Another favourite dictum was that the rural population has to be kept in the villages, and migration to towns prevented by creating more and more jobs in the rural areas. Gunnar Myrdal has much to say about what the rural children should be educated for. There are still such arguments heard every day (especially in respect of “tribals”), but the growing reality is either that young people flock to the towns, or that the urban areas themselves are expanding and swallowing up villages. Some states like Kerala are one continuous semi-urban landscape, and no doubt parts of Tamilnadu, Punjab and Haryana also are getting there.

Yet another massive mental pothole is about language. Every day one or the other politician or general busybody inveigles (in English) against English, and demands that education should be in the mother tongue. Even Myrdal talks about the heavy linguistic load on the children of India. However, the people want English, they want bookish education and drilling, they want multiple language competencies. Of course this does not please the theoreticians, and even Myrdal in exasperation talks about the “determined resistance on the part of students, parents, and, frequently, teachers”  to the types of reform that the educational experts advocate (Asian Drama, Vol.III, Chapter 33, p.1817 in my edition). Myrdal specifically upbraids the south Asian countries of being “soft states” in the context of educational reform of the type advocated by experts (ibid., p.1820-21).

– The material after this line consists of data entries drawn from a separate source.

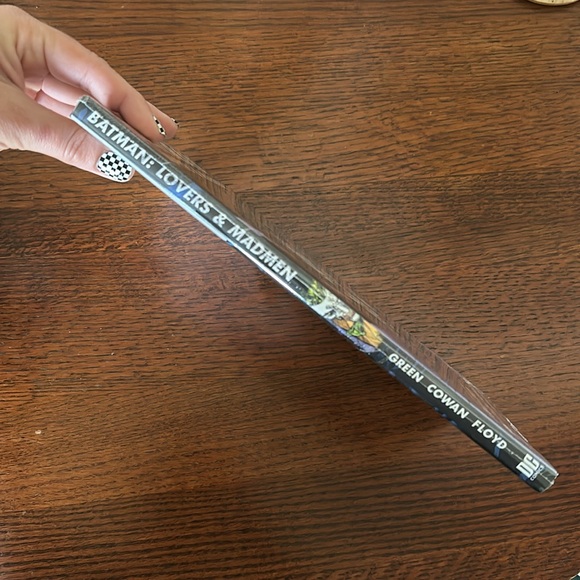 NEW Batman Lovers & Madmen Hardcover by Michael Green, Denys Cowan, John Floyd - Picture 3 of 3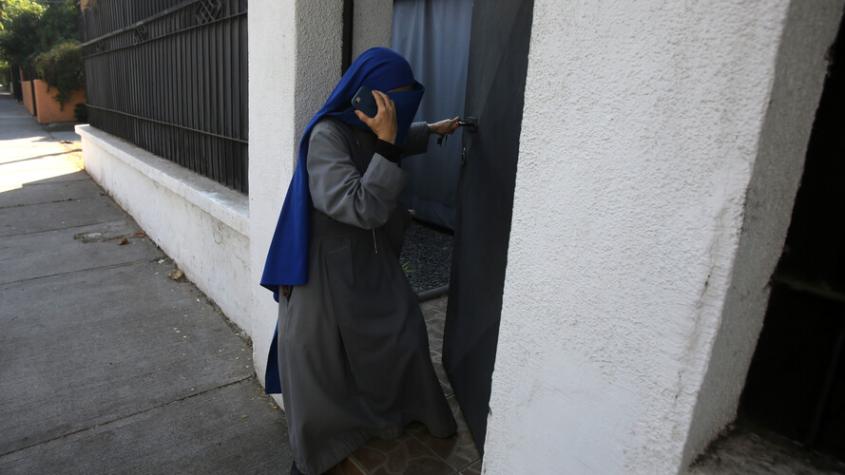 "Al enviudar se puso el hábito azul”: Qué se sabe de la religiosa investigada por cuerpo en una maleta en Ñuñoa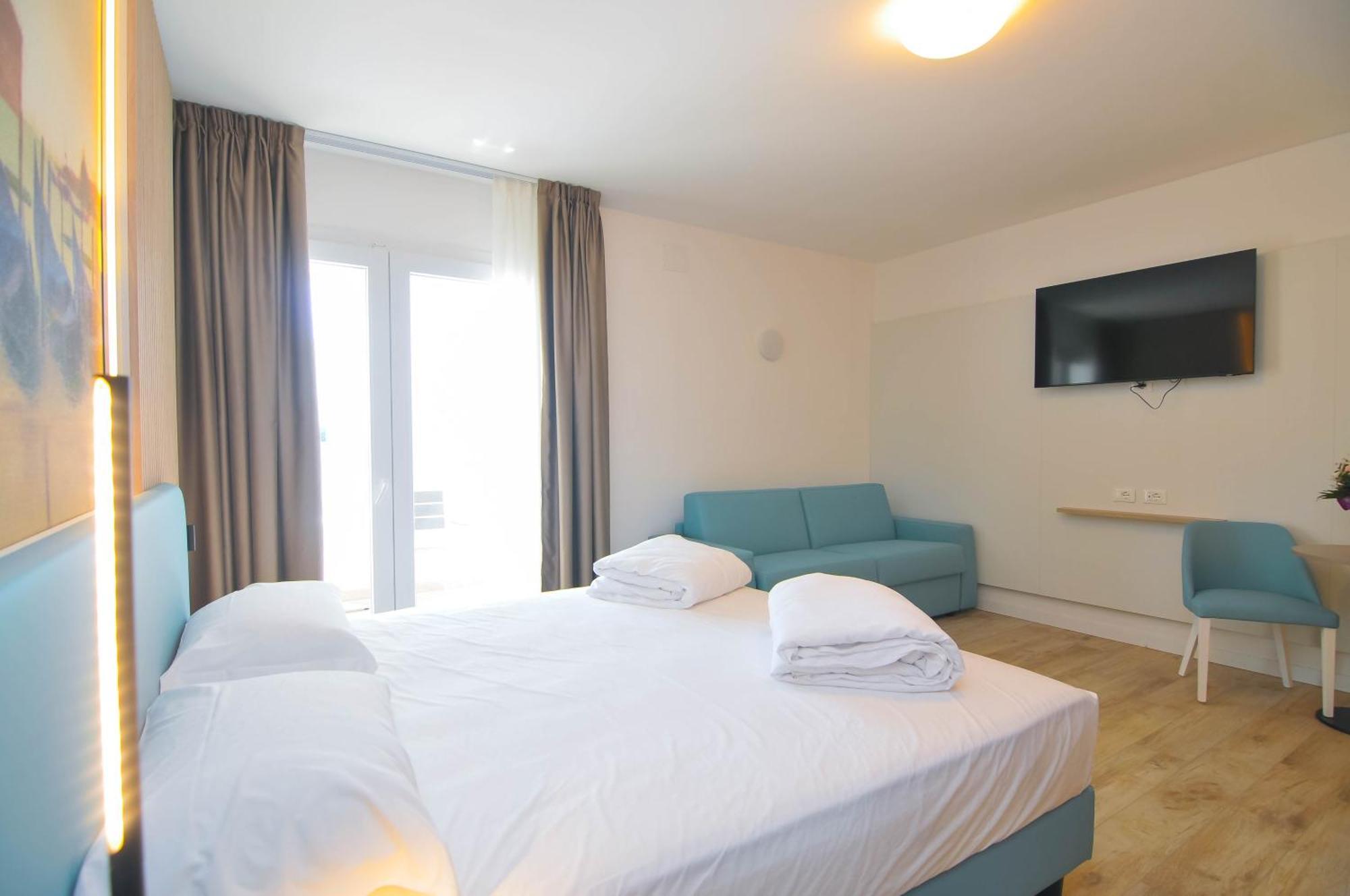 Marina Junior Suite 4 Stelle S Каорле Екстериор снимка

Today, far from being a burden, English is giving us a specific advantage on the world stage. If only we could combine this with a better environment for starting and doing business, better maintenance of public services and public spaces, and a general respect for the rule of law and more helpful processes and support for the novice and outsider, India would be able to compete with most other developing countries for international investment funds without giving up its basic cultural moorings.

What I have tried to argue so far is that many convictions that appear self-evident due to some ideological conditioning actually prove to have been quite mistaken. I have purposely termed this the near certainty of being mistaken, since we can’t be a hundred percent sure even of this dictum! But I think sufficient examples have been paraded to illustrate it and establish its basic soundness.

What should be our response to such a bleak conclusion? It is not that we should desist from taking policy decisions, but that we should do so with a certain sense of humility and even scepticism. That is where a “soft” state may actually prove more sensible in the long run. Countries that pride themselves on being “hard” may be super-effective in installing a particular policy in the short term, but they are prone to violent twists and turns because, more often than not, national policies have to be changed after some time and the transitions become traumatic because of the hardness of the state. A soft state, on the other hand, finds such changes easy and almost natural, because that is the expected state of things. No single measure or policy is ever going to be valid for all time or all over the country, so space is always left for deviations, even from the established laws (again something that Myrdal rails against). India has flirted with a top-down imposition of policy on occasion, with disastrous results (such as the family planning drives under Sanjay Gandhi). India has usually rejected such regimes, and instead honoured the quester, the questioner. That is its strength, and that is the legacy India’s thinkers have left to the world. Truth has to be sought somewhere in the shadows between darkness and full light, and is neither absolute nor valid for all time and all people, much to the chagrin of the more dualistic west.

References

Myrdal, Gunnar. 1968. Asian Drama. An Inquiry into the Poverty of Nations. Twentieth Century Fund, Inc. Reissued 1982, reprinted 2004, by Kalyani Publishers, New Delhi.


Neelekani, Nandan. 2009. Imagining India. (Revised edition). Penguin Books, New Delhi.